Chocolate Peanut Butter Breakfast Cookies
Prep time
Cook time
Total time
Chocolate + peanut butter in a cookie that's healthy enough to eat for breakfast!
Recipe type: breakfast
Cuisine: American
Serves: 12-16 cookies
  • 2 Tbsp coconut oil
  • 2 heaping Tbsp peanut butter (I used Justin's)
  • ¼ cup honey
  • 1 Tbsp brown sugar
  • 1 large egg
  • ½ cup plain Greek yogurt (I used Stonyfield whole milk Greek)
  • 1 tsp vanilla
  • 1½ cups oats
  • ¼ cup flaxseed meal (I used Bob's Red Mill)

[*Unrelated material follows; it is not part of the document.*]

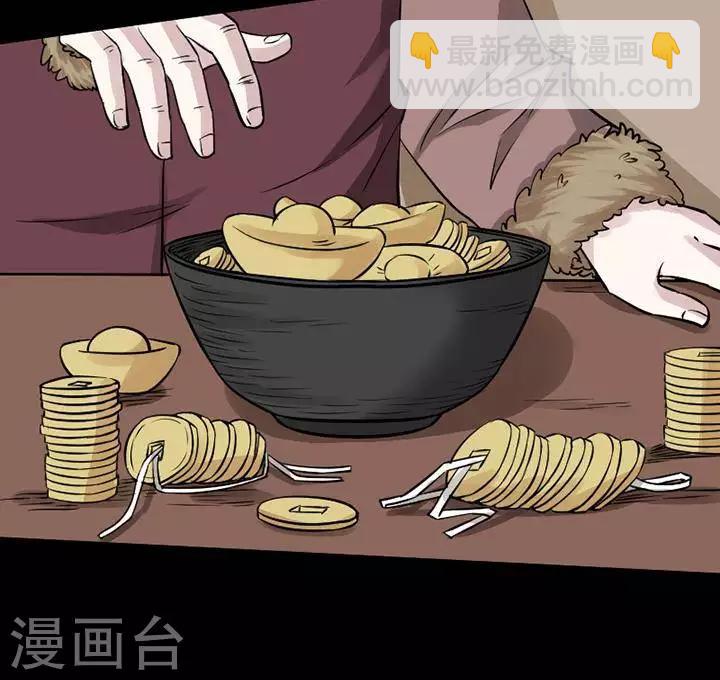 第124话 铁饭碗63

  • ¼ cup chopped walnuts (or use peanuts)
  • ¼ tsp salt
  • ½ tsp cinnamon
  • Pinch nutmeg
  • ½ cup chocolate chips or chopped chocolate
  1. Whisk together coconut oil, peanut butter, honey and brown sugar in the bottom of a mixing bowl.
  2. Beat in egg, vanilla yogurt, cinnamon, salt and nutmeg.
  3. With a spatula, stir in oats, flax, and walnuts.
  4. Refrigerate mixture for 30 minutes.
  5. Preheat oven to 325 and line a baking sheet with parchment paper.
  6. Form balls of dough (2-3 Tbsp), place on sheet and use fingers to flatten slightly.
  7. Bake 16-18 minutes or until slightly firm to the touch and beginning to brown on the top and edges.
  8. Let cool 5 minutes on a baking rack.
  9. Extra cookies can be stored in an airtight container in the fridge for up to a week. Warm cookies slightly in the toaster oven or for 10 seconds in the microwave before enjoying.